Laboratory of Diet, Nutrition and Cancer, Department of Food and Experimental Nutrition, University of São Paulo, São Paulo, Brazil.
Curr Cancer Drug Targets. 2012 Nov 1;12(9):1173-90. doi: 10.2174/156800912803987986.

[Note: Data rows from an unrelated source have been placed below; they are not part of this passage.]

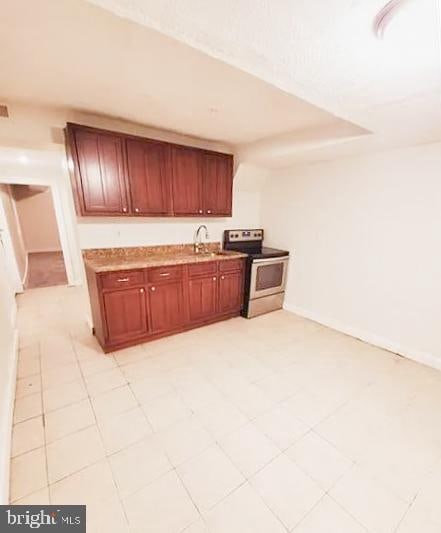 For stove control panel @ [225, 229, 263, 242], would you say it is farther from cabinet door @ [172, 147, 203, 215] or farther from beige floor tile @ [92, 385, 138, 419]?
beige floor tile @ [92, 385, 138, 419]

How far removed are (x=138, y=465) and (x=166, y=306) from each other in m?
1.57

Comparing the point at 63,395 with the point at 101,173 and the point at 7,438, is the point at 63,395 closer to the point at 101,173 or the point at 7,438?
the point at 7,438

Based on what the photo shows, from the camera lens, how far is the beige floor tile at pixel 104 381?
2.07 metres

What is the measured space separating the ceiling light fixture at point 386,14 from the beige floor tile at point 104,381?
271cm

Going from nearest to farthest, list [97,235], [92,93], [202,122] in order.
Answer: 1. [92,93]
2. [202,122]
3. [97,235]

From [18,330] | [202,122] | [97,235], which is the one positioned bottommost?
[18,330]

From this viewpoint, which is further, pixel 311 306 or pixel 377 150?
pixel 311 306

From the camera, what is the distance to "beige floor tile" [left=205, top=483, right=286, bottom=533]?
1160 millimetres

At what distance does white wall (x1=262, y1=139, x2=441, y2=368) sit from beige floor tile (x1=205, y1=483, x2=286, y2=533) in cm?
227

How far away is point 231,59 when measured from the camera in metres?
1.08

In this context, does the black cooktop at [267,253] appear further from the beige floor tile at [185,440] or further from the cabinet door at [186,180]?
the beige floor tile at [185,440]

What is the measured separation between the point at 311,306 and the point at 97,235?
2.96 meters

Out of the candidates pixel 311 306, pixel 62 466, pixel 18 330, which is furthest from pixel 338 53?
pixel 18 330

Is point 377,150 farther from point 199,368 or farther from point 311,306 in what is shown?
point 199,368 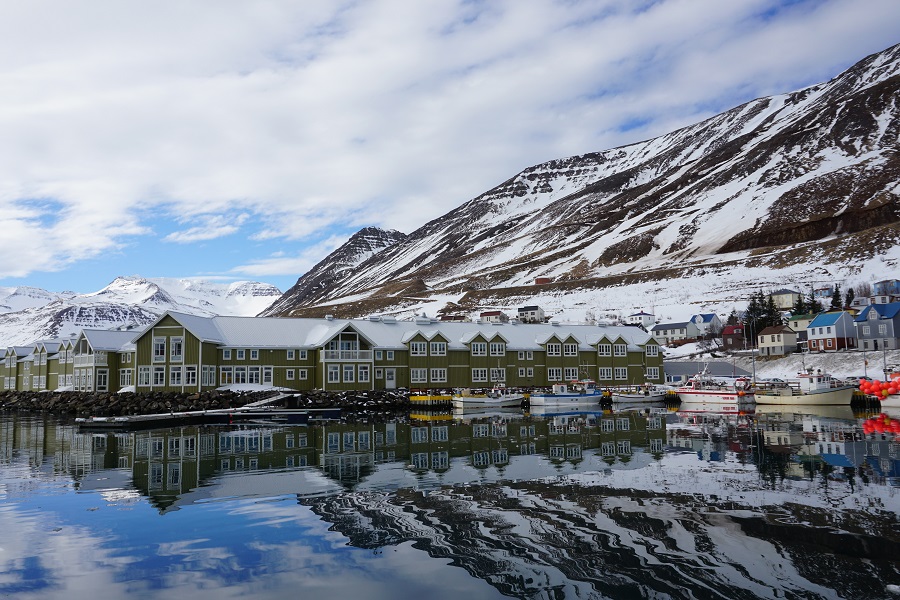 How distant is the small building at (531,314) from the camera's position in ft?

Bioactive food components (BFACs) represent promising candidates for liver cancer chemoprevention. Among them, isoprenic derivatives (carotenoids, retinoids, perillyl alcohol, limonene, geraniol, farnesol, geranylgeraniol and β- ionone) can be highlighted. The relevance of animal models for the investigation of chemopreventive agents is supported by comparative functional genomic studies that reinforce the similarities between rodent and human hepatocarcinogenesis. Thus, characterization of BFACs in animal models as blocking and/or suppressing agents allows the establishment of the theoretical basis for the development of chemoprevention strategies. Dietary isoprenic derivatives actions on hepatocarcinogenesis may involve a block in carcinogen activation, induction of phase 2 enzymes and an antioxidant activity, as well as interference with cellular processes including cell communication, proliferation, apoptosis, differentiation and remodeling of preneoplastic lesions. Dietary isoprenic derivatives modulate molecular targets including HMG-CoA-reductase, Rho, nuclear receptors, c-myc, connexin 43, NF-κB and Nrf2. Several networks related to these targets are altered in early phases of hepatocarcinogenesis. This emphasizes the importance of such agents for the chemoprevention of hepatocellular carcinoma. Combinations of isoprenic derivatives or of these substances with other BFACs classes should be further investigated. Also, toxicity and bioavailability and pharmacokinetic aspects of these derivatives represent relevant issues in their development as chemopreventive agents. One major current limitation of the adoption of dietary isoprenic derivatives for liver cancer chemoprevention is the challenge in overcoming the initial preclinical phase in agent development. Dietary isoprenic derivatives that present liver cancer chemopreventive properties should be further explored in clinical trials, begining with the phase 0 approach.
生物活性食品成分 (BFACs) 是肝癌化学预防的有前途的候选物。其中,异戊二烯衍生物(类胡萝卜素、视黄醇、紫苏醇、柠檬烯、香叶醇、法呢醇、香叶基香叶醇和β-紫罗兰酮)可以被突出强调。动物模型在化学预防剂研究中的相关性得到了比较功能基因组研究的支持,这些研究加强了啮齿动物和人类肝癌发生之间的相似性。因此,在动物模型中对 BFACs 作为阻断和/或抑制剂的特征描述允许为化学预防策略的发展建立理论基础。膳食异戊二烯衍生物对肝癌发生的作用可能涉及致癌物激活、诱导 2 相酶和抗氧化活性的阻断,以及对细胞过程的干扰,包括细胞通讯、增殖、凋亡、分化和癌前病变的重塑。膳食异戊二烯衍生物调节分子靶点,包括 HMG-CoA 还原酶、Rho、核受体、c-myc、连接蛋白 43、NF-κB 和 Nrf2。与这些靶点相关的几个网络在肝癌发生的早期阶段发生改变。这强调了这些剂在肝细胞癌化学预防中的重要性。异戊二烯衍生物或这些物质与其他 BFACs 类别的组合应进一步研究。此外,这些衍生物的毒性、生物利用度和药代动力学方面是其作为化学预防剂开发的相关问题。采用膳食异戊二烯衍生物进行肝癌化学预防的一个主要当前限制是在代理开发的初始临床前阶段面临的挑战。具有肝癌化学预防特性的膳食异戊二烯衍生物应在临床试验中进一步探索,从 0 期方法开始。